### EXERCISE DATA
◇ ◇ ◇ ◇ ◇
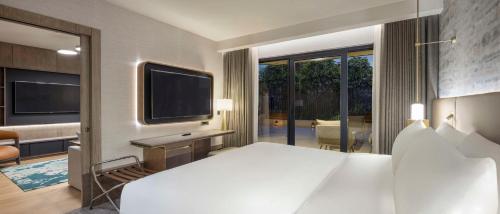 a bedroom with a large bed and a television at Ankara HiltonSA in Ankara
◇ ◇ ◇ ◇ ◇
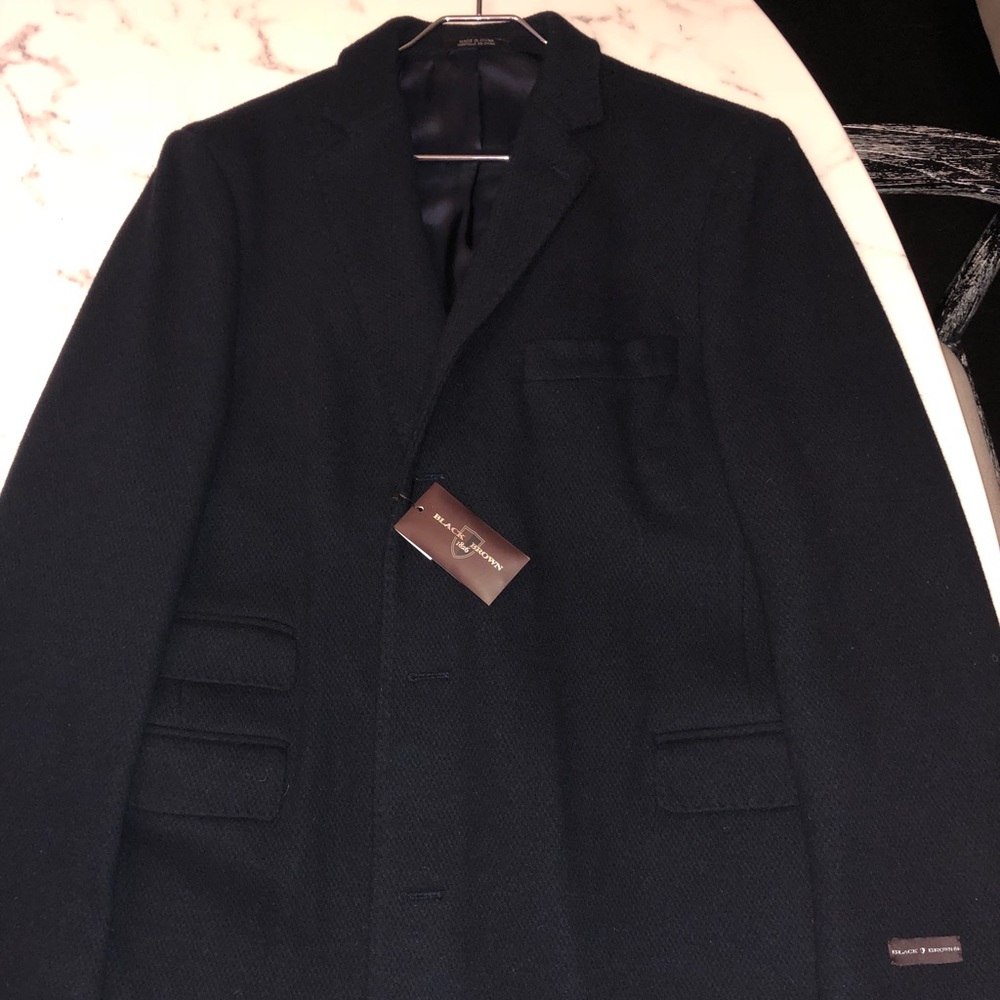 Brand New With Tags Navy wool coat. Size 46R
◇ ◇ ◇ ◇ ◇
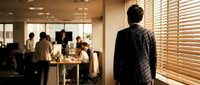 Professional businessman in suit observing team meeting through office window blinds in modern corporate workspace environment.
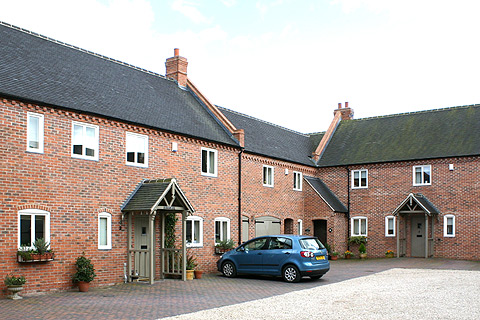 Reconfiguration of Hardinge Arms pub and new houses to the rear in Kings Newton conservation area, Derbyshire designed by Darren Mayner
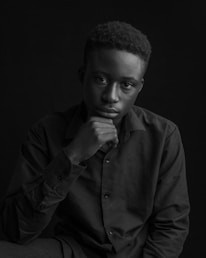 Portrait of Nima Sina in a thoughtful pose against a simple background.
◇ ◇ ◇ ◇ ◇
### PROBLEM REQUIREMENTS
Nothing but the lines above, starting at the line that contains "Reconfiguration of Hardinge" and ending at the line that contains "Portrait of Nima", should be given again, exactly and without the pictures.

### ANSWER SECTION
 Reconfiguration of Hardinge Arms pub and new houses to the rear in Kings Newton conservation area, Derbyshire designed by Darren Mayner
 Portrait of Nima Sina in a thoughtful pose against a simple background.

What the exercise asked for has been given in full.